The claims of a new book translating 50 fragments of the 2,000-year-old scrolls are being criticized by 19 leading scholars as "laughable and manifestly dishonest."Two of the critics are so upset they are boycotting an international conference beginning Monday because one of the book's authors was an organizer.

Defenders of the book, "The Dead Sea Scrolls Uncovered," view the criticism as an attempt to continue exercising control over the unpublished texts and prevent new interpretations challenging traditional views of the origins of Christianity and rabbinic Judaism.

"This is the last gasp of a dying establishment," said Robert Ei-sen-man, one of the book's authors.

But the critics, some of whom fought to have the unpublished scrolls released, said the book represents what one called his worst-case scenario that granting general access to the scrolls would lead to poor scholarship and the uncredited use of others' work.

"For our work to progress, the usual standards of academic integrity must be maintained. We cannot allow the appropriation of the work of others and the wholesale misrepresentations with which this book is replete," said the scholars' statement.
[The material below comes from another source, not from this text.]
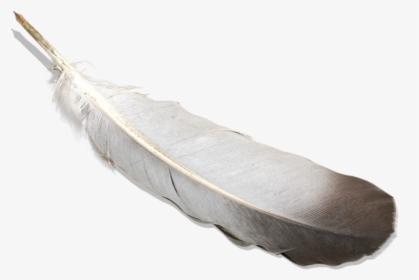 Bird Feather Png Image With Transparent Background - Перо Гусиное Png, Png Download, Free Download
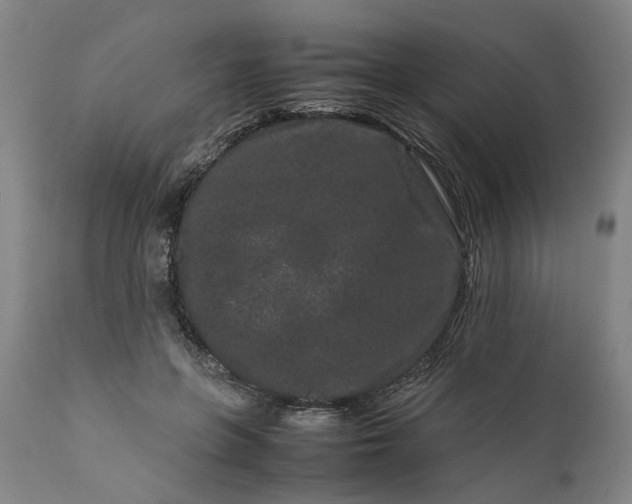 X0000111190551200907151352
Access to the scrolls, which were discovered in caves near the Dead Sea in the late 1940s and the 1950s, had been tightly guarded by a small group of scholars until fall 1991.
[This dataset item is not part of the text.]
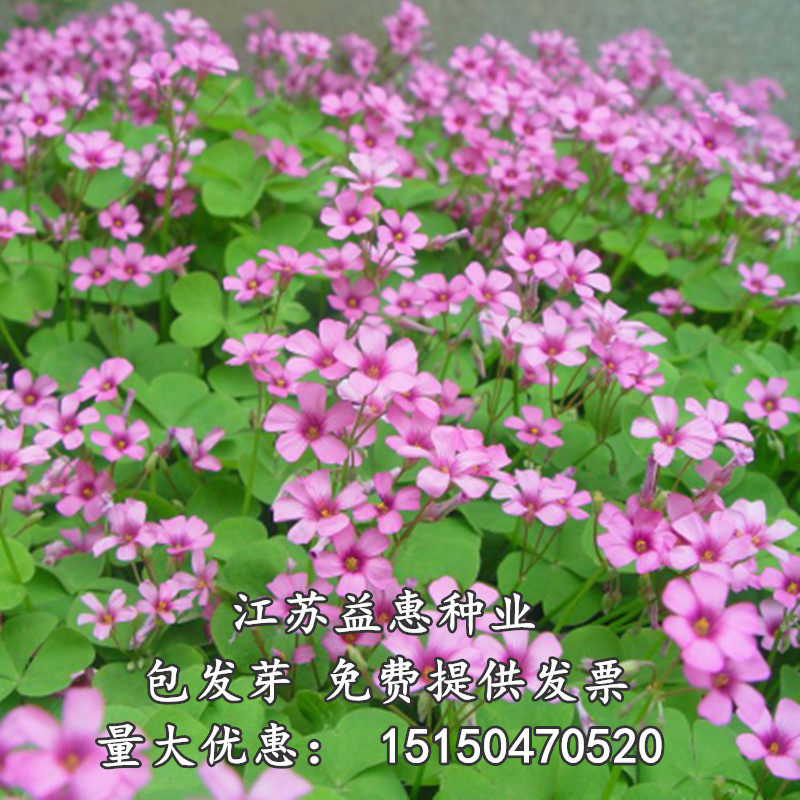 草坪草籽花种籽果园绿肥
Much of the unpublished text was brought out in book form by the Biblical Archaeological Society. The Huntington Library in San Marino, Calif., made photographic records available.
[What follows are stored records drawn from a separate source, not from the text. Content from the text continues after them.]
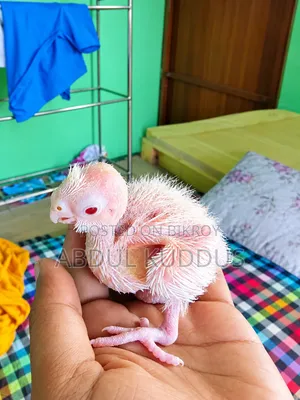 Tame Size Cockatiel Baby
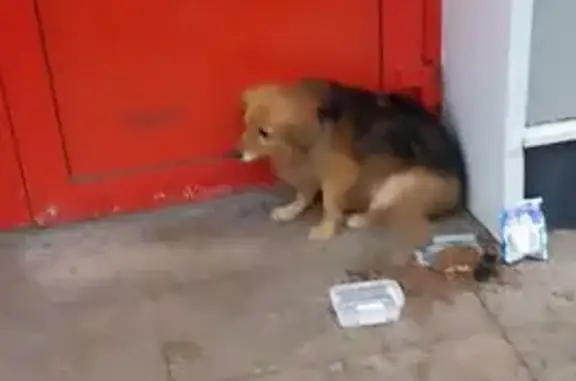 Найдена собака, Архангельск, фото: Собака найдена на Кировской ул., 17, Архангельск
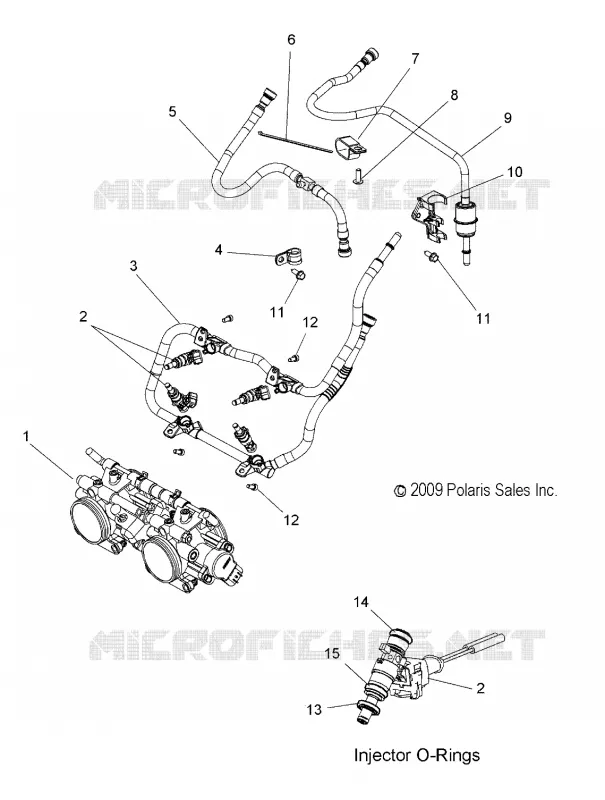 FUEL SYSTEM, RAIL, LINES AND THROTTLE  BODY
The current controversy stems from the publication this fall of "The Dead Sea Scrolls Uncovered: The First Complete Translation and Interpretation of 50 Key Documents Withheld for Over 35 Years" by Eisenman and Michael Wise.

Eisenman, chairman of the Religious Studies Department at California State University, Long Beach, supports his controversial theory that the documents describe a messianic movement that in its later stages was virtually indistinguishable from the rise of Chrisitanity.

The alleged Christianization of the scroll material "constitutes wholesale theft from the Jewish people," says Lawrence H. Schiffman of the Department of Hebrew and Judaic Studies at New York University.

Last month in San Francisco, Schiffman advised scholars of the Society of Biblical Literature to warn the public of the book's "ludicrous interpretations."

No one on a panel on Qumran studies defended Eisenman's work.

This week's conference sponsored by The New York Academy of Sciences and The Oriental Institute of The University of Chicago was designed to promote a dialogue among scholars with differing views, said Norman Golb, a Jewish history professor at the University of Chicago.

But even after the conference hastily scheduled a seminar on the ethics of scroll publication, it has served as a focal point in the controversy because Wise was one of the organizers.

Two Israeli scholars, Shemaryahu Talmon of Hebrew University of Jerusalem and Elisha Qimron of Ben-Gurion University, have decided not to come, Golb said.

Last week, the group of 19 scholars issued a statement saying the book misrepresents itself as presenting 50 texts for the first time when half have been previously published. The scholars also said the authors depended on handouts distributed at conferences.